Specifically, we intend to use the net proceeds from this offering, together with our existing cash and cash equivalents, for the direct and indirect costs related to the development of cadisegliatin, working capital and general corporate purposes.

We have not determined the amounts we plan to spend on any of the areas listed above or the timing of these expenditures. As a result, our management will have broad discretion to allocate the net proceeds from this offering.

 

S-8


DILUTION

The net tangible book value of our common stock as of December 31, 2023 was approximately $(18.5) million, or approximately $(6.97) per share of common stock based upon a total of 2,662,322 shares outstanding as of December 31, 2023, reflective of the combined outstanding 2,084,973 shares of Class A common stock and 577,349 shares of Class B common stock. Net tangible book value per share is equal to our total tangible assets, less our total liabilities, exclusive of the redeemable noncontrolling interest, divided by the total number of shares outstanding. The pro forma net tangible book value of our common stock as of December 31, 2023, after giving effect to the Private Placement, was approximately $32.4 million, or approximately $10.78 per share of common stock based upon a total of 3,010,206 shares outstanding as of December 31, 2023, reflective of the combined outstanding 2,432,857 shares of Class A common stock and 577,349 shares of Class B common stock.
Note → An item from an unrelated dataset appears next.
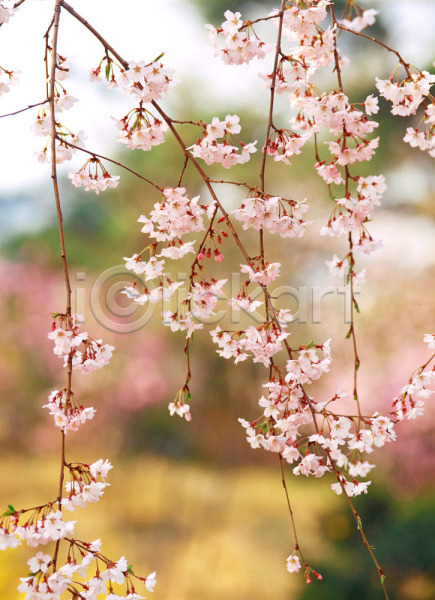 사람없음 JPG 근접촬영 아웃포커스 포토 꽃 벚꽃 식물 야외 자연 주간 풍경(경치)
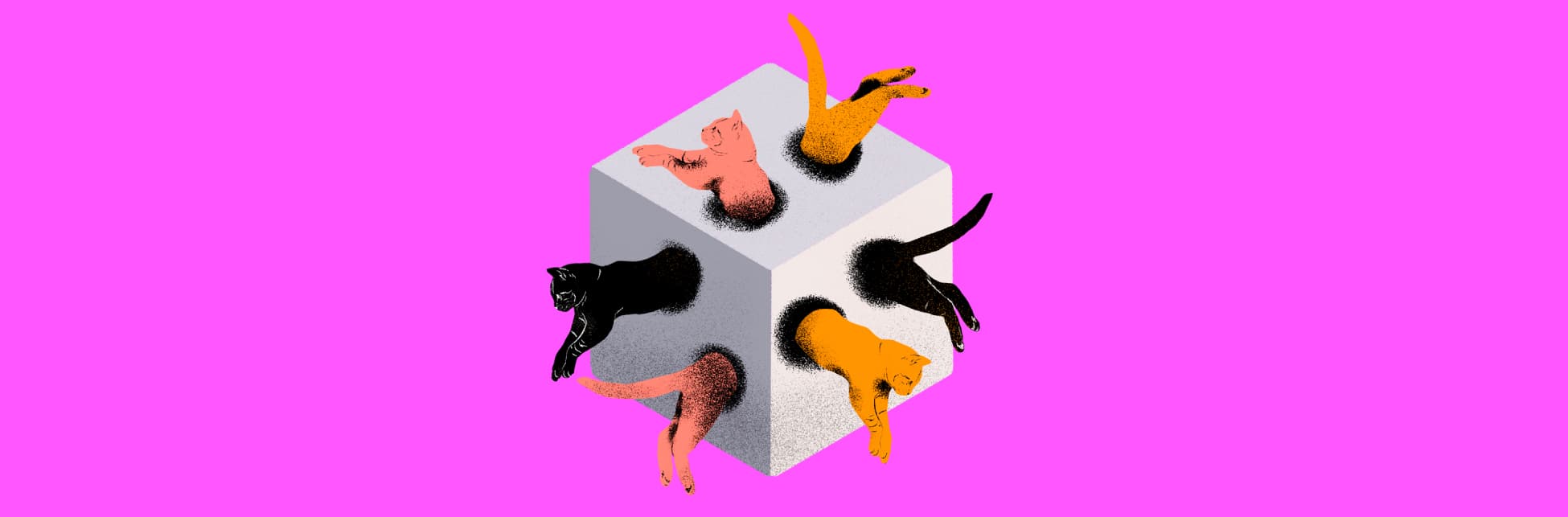 Ilustración. Se ven tres lados de un cubo blanco. Cada lado tiene dos orificios. Hay tres gatos, uno negro, uno rosado y uno amarillo. Cada gato entra por un lado del cubo (solo se ve su parte trasera) y sale por otro (solo se ve su parte delantera).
After giving effect to the sale by us of our Class A common stock in the aggregate amount of $12.7 million in this offering at an assumed offering price of $25.00 per share, which was the last reported sale price of our Class A common stock on The Nasdaq Capital Market on April 9, 2024, and after deducting commissions and estimated offering expenses payable by us, our as adjusted pro forma net tangible book value as of December 31, 2023 would have been approximately $45.0 million, or $12.80 per share of common stock. This amount represents an immediate increase in net tangible book value of $2.02 per share to existing stockholders and an immediate dilution of $12.20 per share to purchasers in this offering. The following table illustrates the dilution:

 

Public offering price per share

      $ 25.00  

Net tangible book value per share as of December 31, 2023

     (6.97   

Increase per share attributable to investors in the Private Placement

     17.75     
  

 

 

    

Pro forma net tangible book value per share as of December 31, 2023

     10.78     

Increase per share attributable to new investors

     2.02     
  

 

 

    

As adjusted pro forma net tangible book value per share as of December 31, 2023, after giving effect to this offering

      $ 12.80  
     

 

 

 

Dilution per share to new investors purchasing shares in this offering

      $ 12.20  
     

 

 

 

The table above assumes, for illustrative purposes, that an aggregate of 507,148 shares of our Class A common stock are sold at a price of $25.00 per share, the last reported sale price of our Class A common stock on The Nasdaq Capital Market on April 9, 2024, for aggregate gross proceeds of $12.7 million. The shares sold in this offering, if any, will be sold from time to time at various prices. An increase of $1.00 per share in the price at which the shares are sold from the assumed offering price of $25.00 per share shown in the table above, assuming all of our Class A common stock in the aggregate amount of $12.7 million during the term of the sales agreement with TD Cowen is sold at that price, would increase our as adjusted net tangible book value per share after the offering to $12.87 per share and would increase the dilution in net tangible book value per share to new investors to $13.13 per share, after deducting commissions and estimated aggregate offering expenses payable by us. A decrease of $1.00 per share in the price at which the shares are sold from the assumed offering price of $25.00 per share shown in the table above, assuming all of our Class A common stock in the aggregate amount of $12.7 million during the term of the sales agreement with TD Cowen is sold at that price, would increase our as adjusted net tangible book value per share after the offering to $12.72 per share and would decrease the dilution in net tangible book value per share to new investors to $11.28 per share, after deducting commissions and estimated aggregate offering expenses payable by us. This information is supplied for illustrative purposes only and may differ based on the actual offering price and the actual number of shares offered.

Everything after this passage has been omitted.